April 2nd, 2013 by Graham Attwell

Another one from the archives. I think Jen and me wrote this in 2001 but it still seems relevant today, especially in an age when it seems inn0vation is the universal panacea..

“Whilst in organisation learning literature in the late 1990s innovation was seen as the interplay between implicit and explicit knowledge within organisations, in a literature review into innovation Attwell and Hughes looked at the importance of external as well as internal factors in innovation. In particular they differentiated between stimulus catalyst and Imperative.

  Stimulus Catalyst Imperative
 

Internal to Organisation

 

e.g. a new manager who is ‘environmentally conscious’

 

 

e.g. falling balance sheet, falling markets, increasing materials waste

 

e.g. company  going bankrupt or workers strike because of working conditions

 

External to organisation

 

e.g. a rival business opening next door

 

e.g. growing public awareness  of environmental issues

 

e.g. change in primary legislation on environmental issues

 

 

 

 

 

 

 

 

 

Stimulus: a specific and particular action or event which provokes a specific and particular response. Typically one off or isolated events which precipitate change.

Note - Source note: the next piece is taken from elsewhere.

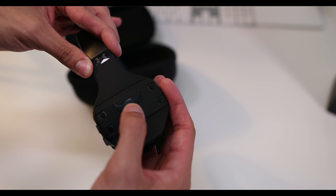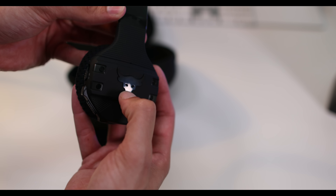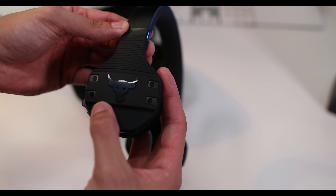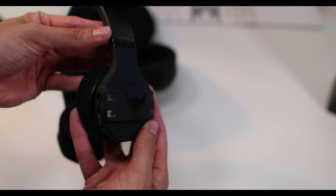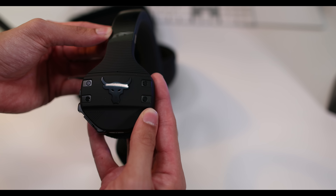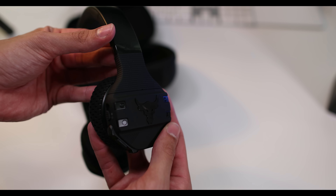But all the features and technology you get — there's also something called talk-through technology, where if someone comes up and starts talking to you, you don't have to remove your headphones. There's a little button on the side you can press and it turns down the volume so you can hear other people talking. They also have Bluetooth 4.1, so they are packed with features that I think could be worth it.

Catalyst: the presence of a factor or factors ‘in the background’ which speedup the rate of change. Typically these factors will be present over a period of time rather than being ‘one-off’ events

Imperative: the ‘must-do’ situation – an event or series of events that make change inevitable and usually urgent with identifiable negative consequences in the event of failure to change.

Much innovation in the construction industry appears to be driven by an imperative around environmental standards for building with in other cases innovation being driven by the catalyst of new materials and construction methods.

Attwell and Hughes advanced the following ideas as ‘boundary conditions’ or as cornerstones of a theoretical framework around innovation:

  • That innovation is a complex social phenomenon (and is not technologically determined);
  • That innovation takes place within spatial forms and areas – including regions, supply chains, internal organisation units and networks;
  • That innovation is developed in the interrelationships between enterprises and the environment, including suppliers, customers and other ‘knowledge development’ and business support agencies and organisations;
  •  That innovation is dependent on the interrelations between work organisation, workforce competence and technologies;
  • That there are many and complex motivators for innovation and change that may stem from economic, social and environmental factors;
  • That organisational competence and innovation are facilitated by the interplay between the development and use of tacit and codified knowledge and between abstract knowledge and practice;
  • That tacit knowledge is bounded and develops in communities of practice – which cannot be organisational prescribed;
  • That change for innovation is conceptually driven and may take an incremental form;
  • That organisational competence is central to innovation and change;
  • That developmental expertise is central to organisational competence for innovation.

Innovation is not only dependent on workforce competence and organisational competence but gives rise for new needs in competence and learning.”